── Record excerpts
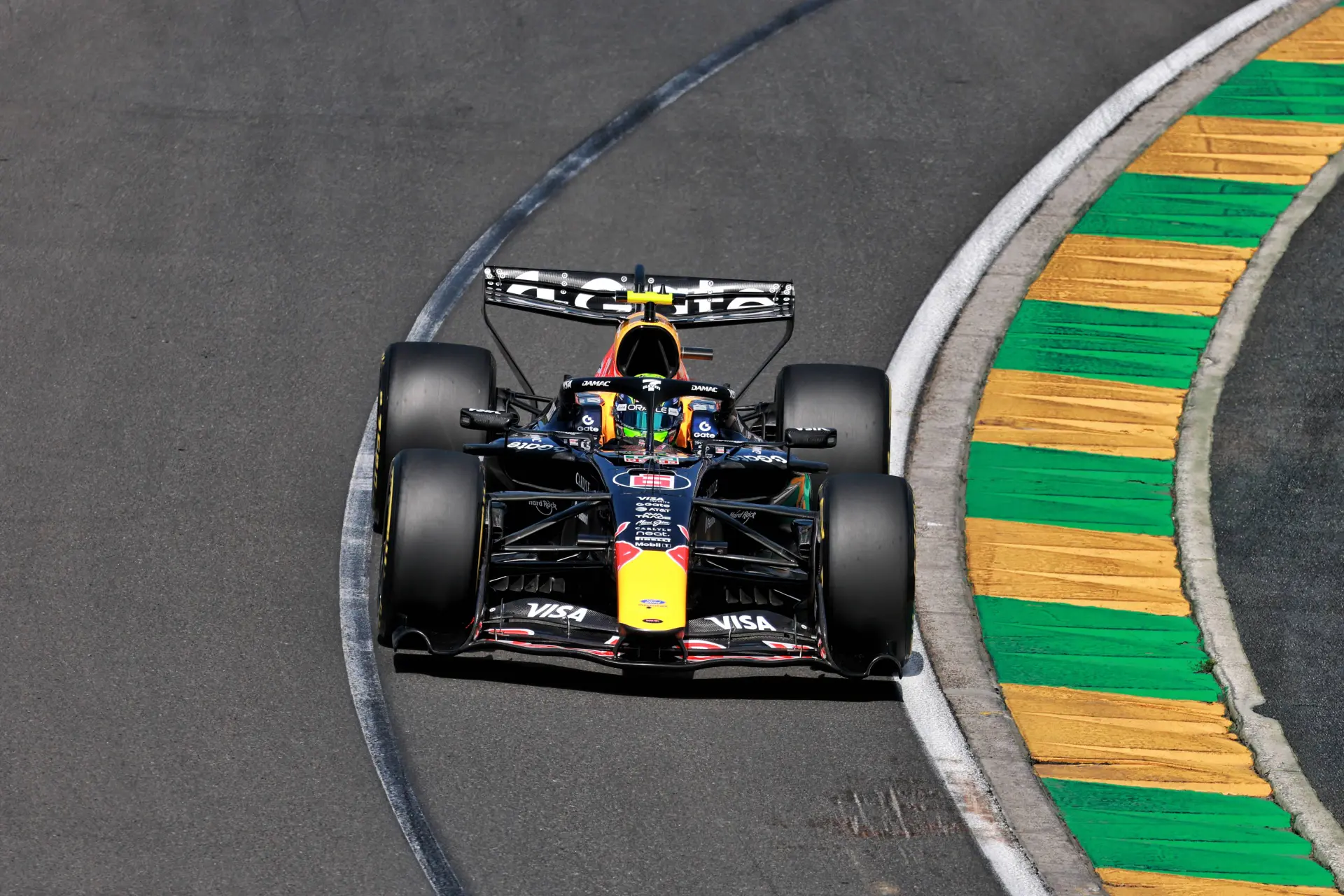 LIVE F1 | Leclerc stoot Hamilton en Verstappen van de troon in Australië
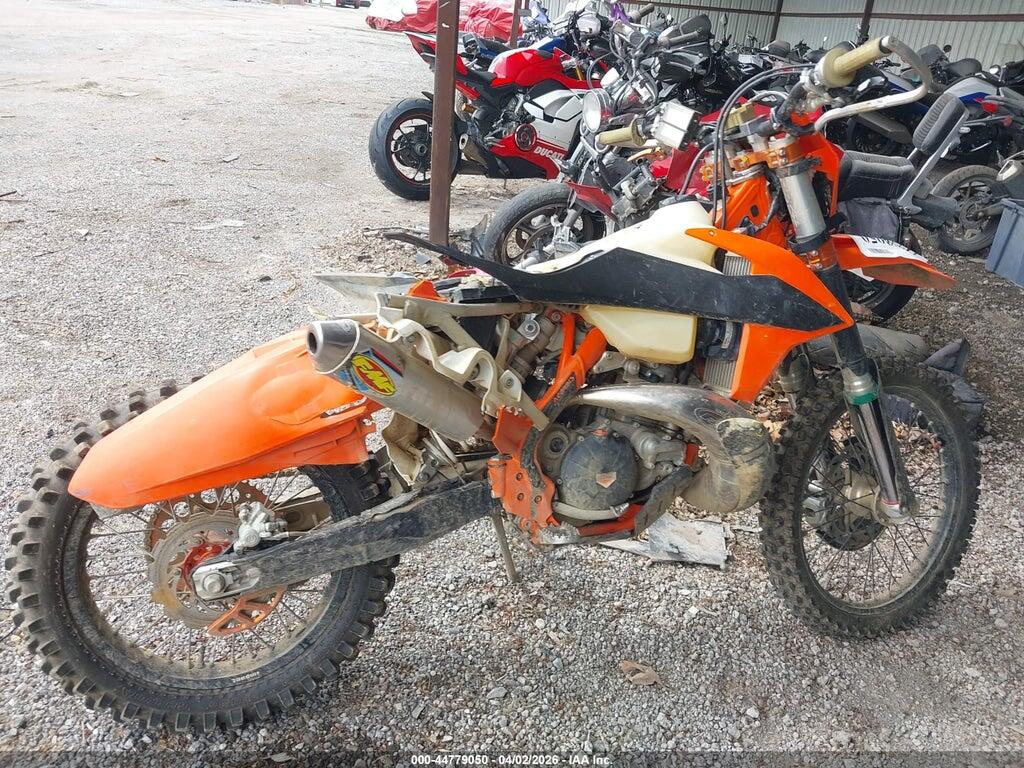VBKXWM235NM365008 2022 KTM 300 photo no. 11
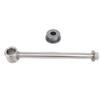 Trim Tilt Piston Sub Assy With End Cap 56120 ZW1 701 for 75 to 250 Horsepower Outboard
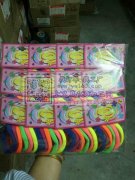 大量手工外发，（金华地区）头圈皮筋订卡、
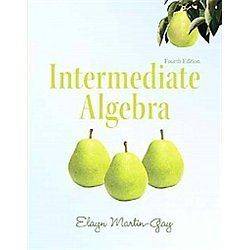 NEW Intermediate Algebra + Mymathlab/Myst​atlab Student Access Code 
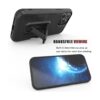 BEYOND CELL Compatible con Apple iPhone 13 Pro Max Armor_3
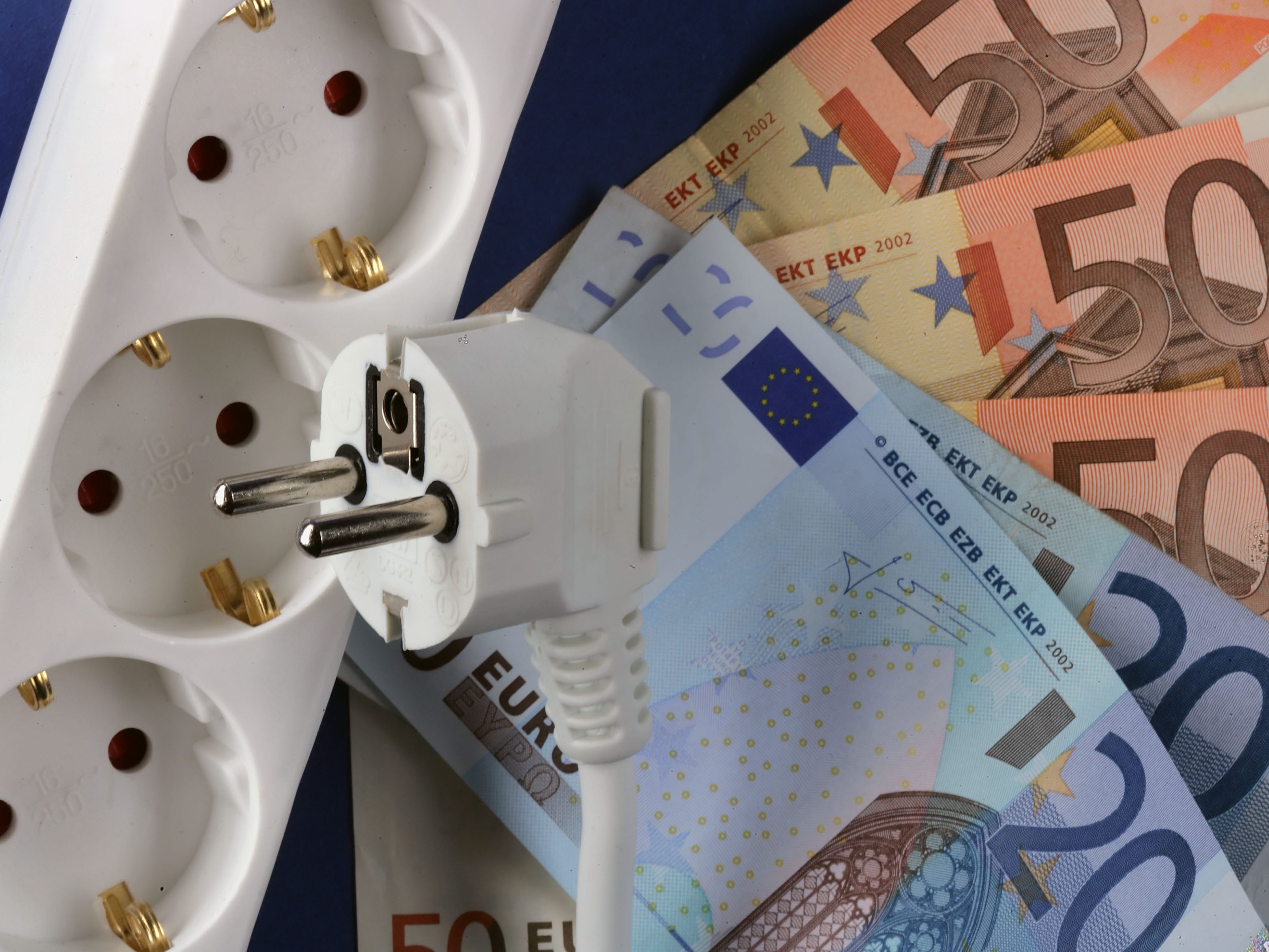 Energie soll ab Jänner kein Inflationstreiber mehr sein.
────
- What needs to be done
Copy every line above word for word and exclude the pictures.

- Solution for this problem
 LIVE F1 | Leclerc stoot Hamilton en Verstappen van de troon in Australië
VBKXWM235NM365008 2022 KTM 300 photo no. 11
 Trim Tilt Piston Sub Assy With End Cap 56120 ZW1 701 for 75 to 250 Horsepower Outboard
 大量手工外发，（金华地区）头圈皮筋订卡、
 NEW Intermediate Algebra + Mymathlab/Myst​atlab Student Access Code 
 BEYOND CELL Compatible con Apple iPhone 13 Pro Max Armor_3
 Energie soll ab Jänner kein Inflationstreiber mehr sein.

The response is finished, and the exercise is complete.